I didn't figure this out overnight. It took me a long time to discover what matters, and sadly, I think many people never learn it themselves. I first started learning about the world of money and investing at the ripe old age of eighteen when I studied investment magazines like they were textbooks. It wasn't until almost ten years later that I realized they were actually advertisements for underperforming and overpriced mutual funds.
It was also at eighteen that I invested my first $1,000 in mutual funds--a front-end-loaded technology fund that was a completely inappropriate investment for a kid, but an easy sale for a commissioned stockbroker, or otherwise said, a salesperson.
Years later, through lots of self-guided education in books and mistakes in the market, I figured out what was most important in personal finance. (This wasn't before a ridiculous stint when I thought I could be a day trader, picking individual stocks and even dabbling in IPOs.) Eventually, I received the formal education and financial planning credentials, an MBA degree, and tax training to be "qualified" to give personal financial planning advice. It wasn't until I had a wife, divorce, remarriage, stepchild, jobs, businesses, my own child, a deceased parent, and worked as a financial advisor with other real-world complicated families that I learned what really mattered.

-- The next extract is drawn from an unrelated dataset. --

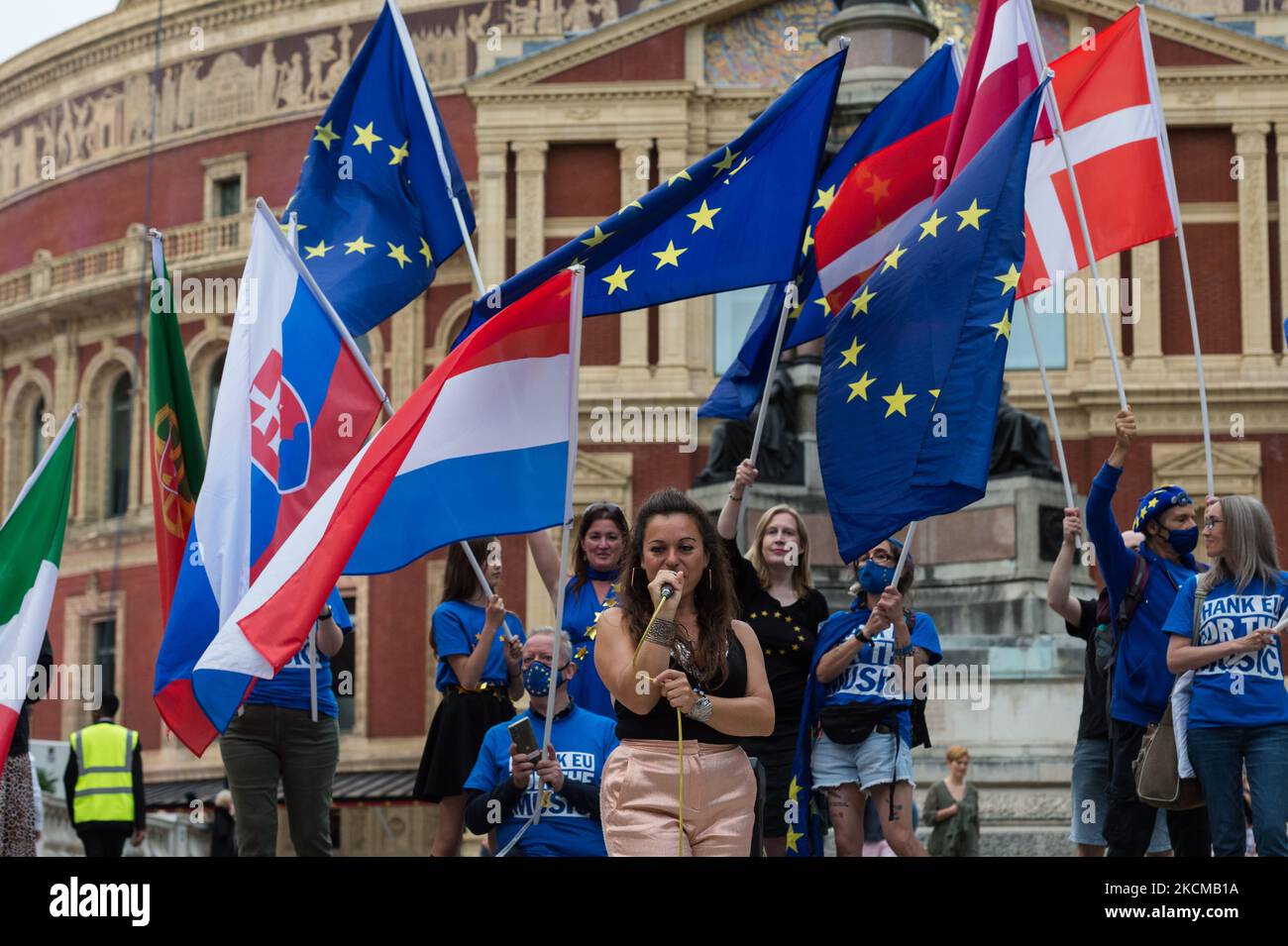 LONDON, UNITED KINGDOM - SEPTEMBER 11, 2021: Singer Ilana Lorraine performs as pro-EU activists wave flags outside Royal Albert Hall ahead of the Last Night of the Proms to highlight lack of post-Brexit agreement for touring arts on September 11, 2021 in London, England. The campaigners call for the government to introduce a transitional support package to cover the additional post-Brexit expenses before securing an EU-wide touring artists visa waiver. (Photo by WIktor Szymanowicz/NurPhoto) Stock Photo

That was when I learned about personal financial planning. I learned that people, including me, don't care about the highest performing mutual fund of the year, or the highest yielding CD, or the latest tax deduction. What you and I care about is enjoying life with our families without the money worries that plague most Americans. What we want is to live extraordinary lives. That's what this book is about--getting back to the basics about what you want and providing some basic money tools to help you get there.